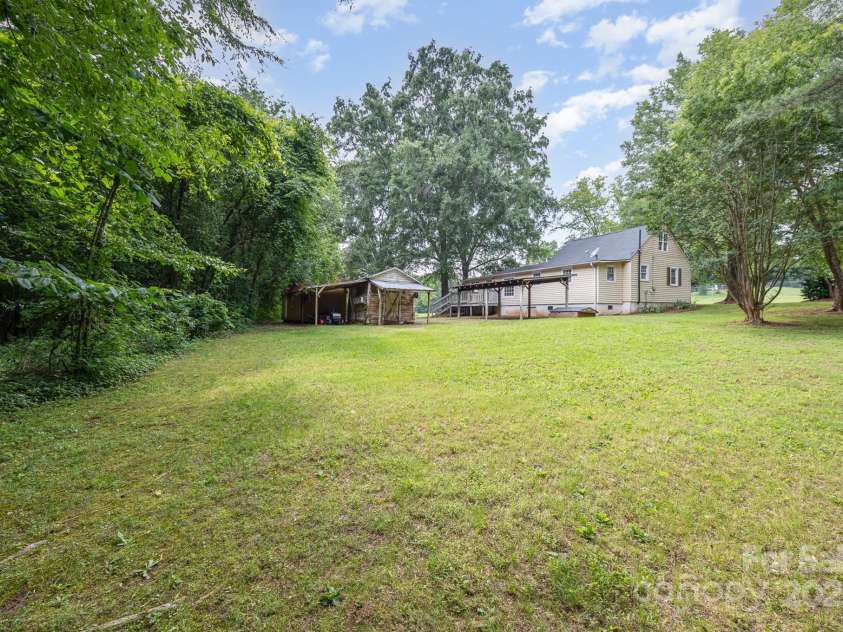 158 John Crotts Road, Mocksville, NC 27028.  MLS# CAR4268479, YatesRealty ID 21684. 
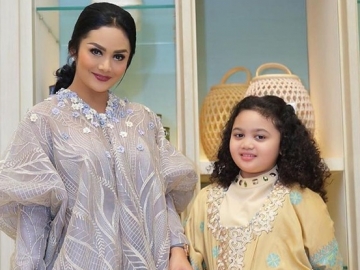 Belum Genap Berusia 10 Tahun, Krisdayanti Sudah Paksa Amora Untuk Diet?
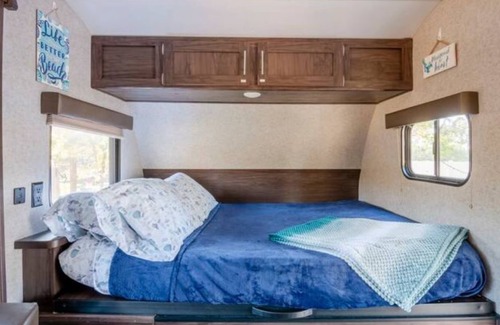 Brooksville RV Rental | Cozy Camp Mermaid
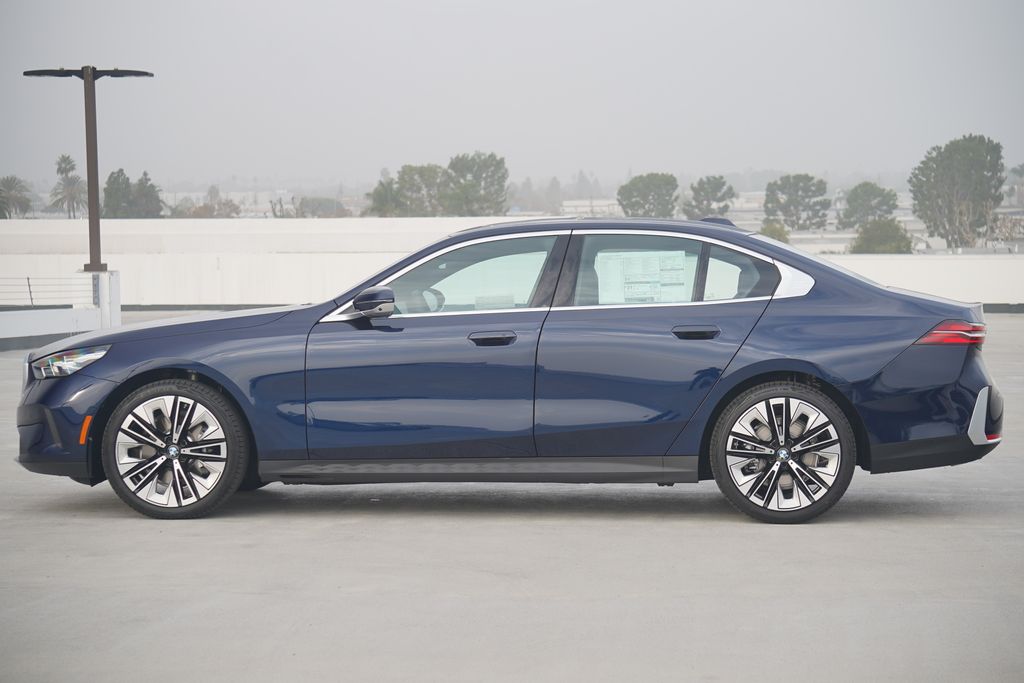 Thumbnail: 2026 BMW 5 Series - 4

----------

Copy out the listing above exactly, and keep the pictures out of it.

**Written answer**
 158 John Crotts Road, Mocksville, NC 27028.  MLS# CAR4268479, YatesRealty ID 21684. 
 Belum Genap Berusia 10 Tahun, Krisdayanti Sudah Paksa Amora Untuk Diet?
 Brooksville RV Rental | Cozy Camp Mermaid
 Thumbnail: 2026 BMW 5 Series - 4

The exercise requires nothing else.